Problem to solve :: Search the records for the string "take" and report how many lines contain it, with nothing else.

Material for this exercise ::

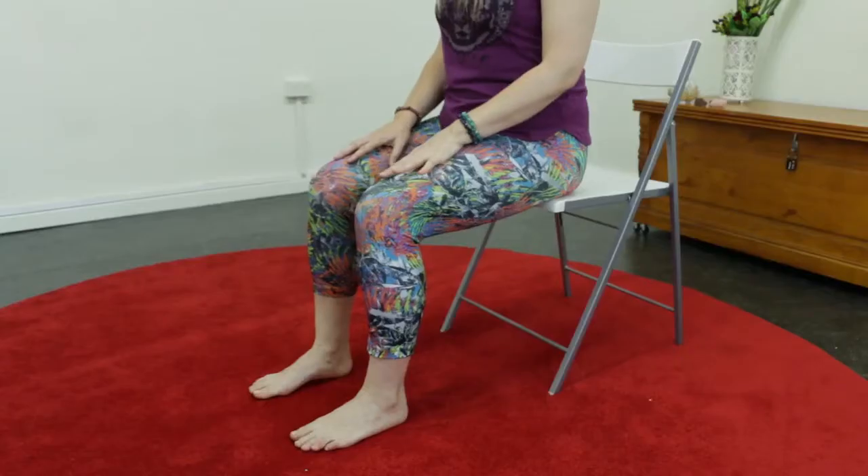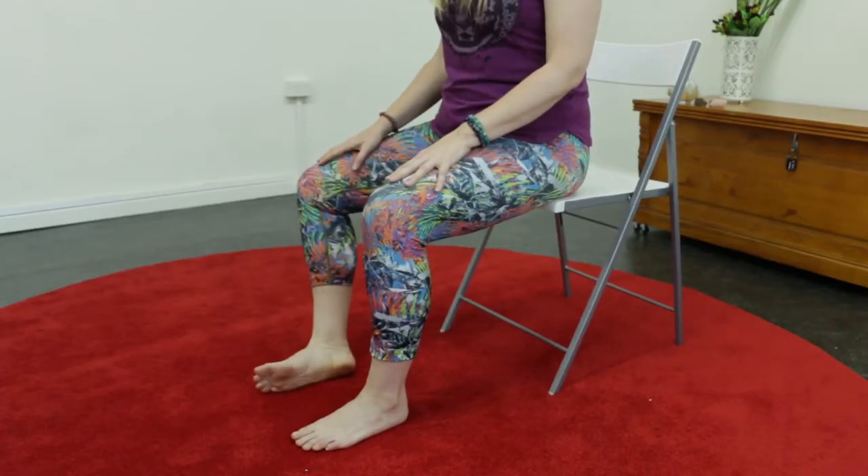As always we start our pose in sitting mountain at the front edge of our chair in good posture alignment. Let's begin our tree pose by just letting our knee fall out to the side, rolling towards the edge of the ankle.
---
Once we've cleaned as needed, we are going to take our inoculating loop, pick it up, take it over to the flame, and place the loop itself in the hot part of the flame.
==
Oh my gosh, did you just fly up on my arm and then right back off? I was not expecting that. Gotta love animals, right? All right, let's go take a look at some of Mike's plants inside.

Response below :: 2